From: "Chuck Lever" <chuck.lever@oracle.com>
Subject: Re: NFS performance degradation of local loopback FS.
Date: Thu, 26 Jun 2008 17:05:44 -0400
Message-ID: <76bd70e30806261405g9357c6fg51b973ff076ee78b@mail.gmail.com>
References: <OFA5778CCB.84AF3576-ON65257474.0027EF21-65257474.00283248@in.ibm.com>
	 <62137472-FF31-40A2-904D-A9CC2C76B032@oracle.com>
	 <20080626175522.GA10593@fieldses.org>
Reply-To: chucklever@gmail.com
Mime-Version: 1.0
Content-Type: text/plain; charset=ISO-8859-1
Cc: "Krishna Kumar2" <krkumar2@in.ibm.com>,
	"Benny Halevy" <bhalevy@panasas.com>, linux-nfs@vger.kernel.org,
	"Peter Staubach" <staubach@redhat.com>
To: "J. Bruce Fields" <bfields@fieldses.org>
In-Reply-To: <20080626175522.GA10593@fieldses.org>
Sender: linux-nfs-owner@vger.kernel.org

On Thu, Jun 26, 2008 at 1:55 PM, J. Bruce Fields <bfields@fieldses.org> wrote:
> On Thu, Jun 26, 2008 at 01:42:58PM -0400, Chuck Lever wrote:
>> On Jun 26, 2008, at 3:19 AM, Krishna Kumar2 wrote:
>>> Benny Halevy <bhalevy@panasas.com> wrote on 06/23/2008 06:10:40 PM:
>>>
>>>> Apparently the file is cached.  You needed to restart nfs
>>>> and remount the file system to make sure it isn't before reading it.
>>>> Or, you can create a file larger than your host's cache size so
>>>> when you write (or read) it sequentially, its tail evicts its head
>>>> out of the cache.  This is a less reliable method, yet creating a
>>>> file about 25% larger than the host's memory size should work for
>>>> you.
>>>
>>> I did a umount of all filesystems and restart NFS before testing. Here
>>> is the result:
>>>
>>> Local:
>>>      Read:  69.5 MB/s
>>>      Write: 70.0 MB/s
>>> NFS of same FS mounted loopback on same system:
>>>      Read:  29.5 MB/s  (57% drop)
>>>      Write: 27.5 MB/s  (60% drop)
>>>
>>> The drops seems exceedingly high. How can I figure out the source of
>>> the
>>> problem?
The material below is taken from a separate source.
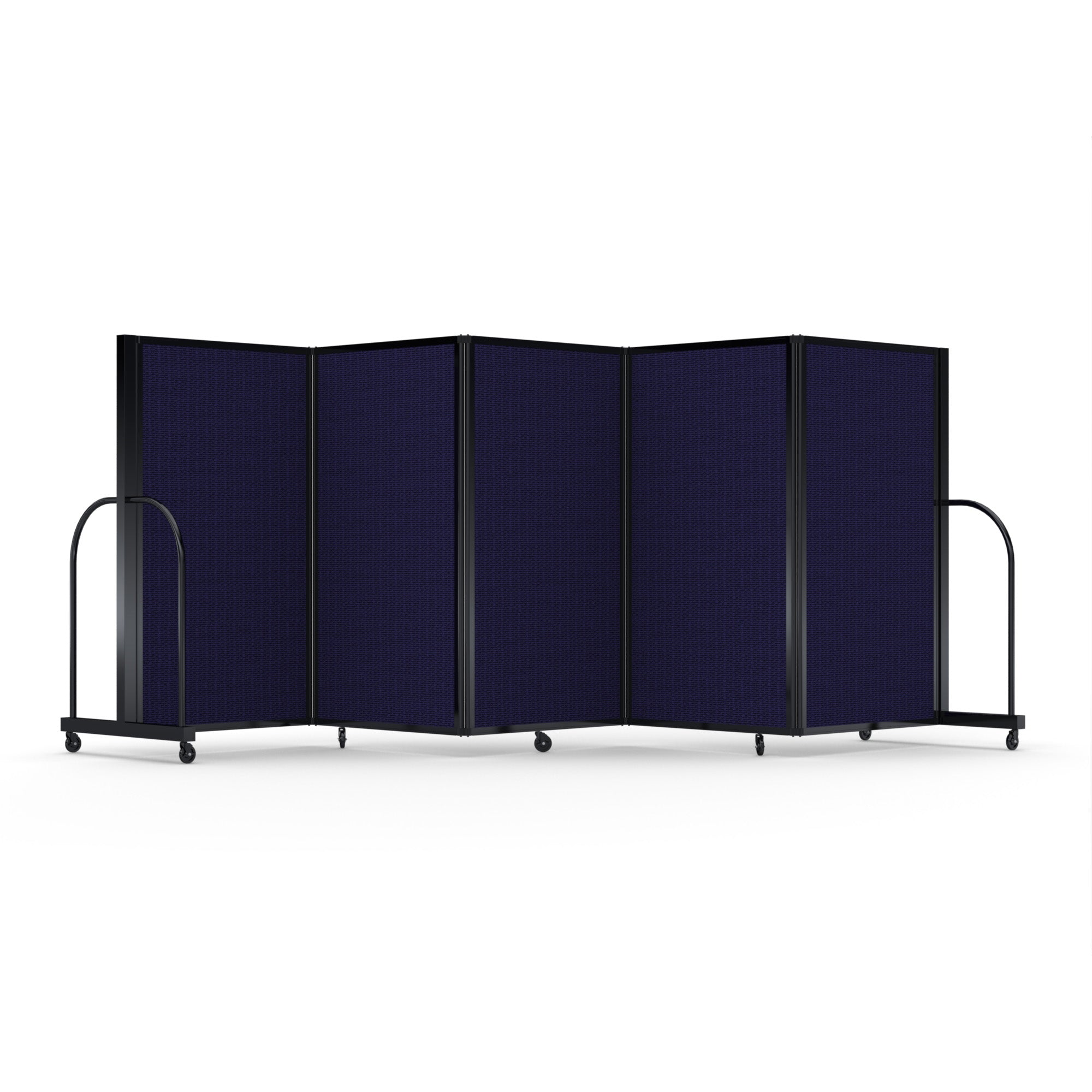 Screenflex Full Motion Divider, 5' x 14'1", Black Frame, Navy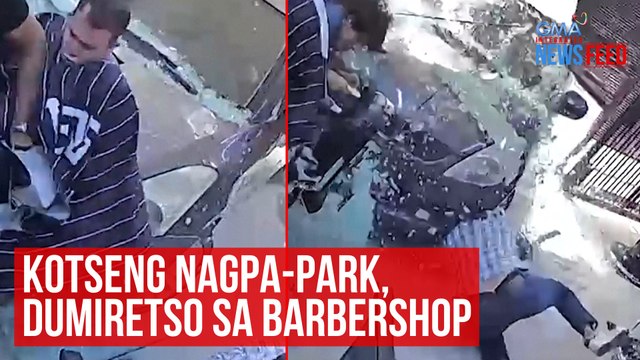 Kotseng nagpa-park, dumiretso sa barbershop | GMA Integrated Newsfeed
Even if it is as general as to be able to state: "Problem is
>>> in
>>> the NFS client code" or "Problem is in the NFS server code", or
>>> "Problem
>>> can be mitigated by tuning" :-)
>>
>> It's hard to say what might be the problem just by looking at
>> performance results.
>>
>> You can look at client-side NFS and RPC performance metrics using some
>> prototype Python tools that were just added to nfs-utils.  The scripts
>> themselves can be downloaded from:
>>
>>    http://oss.oracle.com/~cel/Linux-2.6/2.6.25
>>
>> but unfortunately they are not fully documented yet so you will have to
>> approach them with an open mind and a sense of experimentation.
>>
>> You can also capture network traces on your loopback interface to see if
>> there is, for example, unexpected congestion or latency, or if there are
>> other problems.
>>
>> But for loopback, the problem is often that the client and server are
>> sharing the same physical memory for caching data.  Analyzing your test
>> system's physical memory utilization might be revealing.
>
> If he's just doing a single large read or write with cold caches (sounds
> like that's probably the case), then memory probably doesn't matter
> much, does it?

I expect it might.

The client and server would contend for available physical memory as
the file was first read in from the physical file system by the
server, and then a second copy was cached by the client.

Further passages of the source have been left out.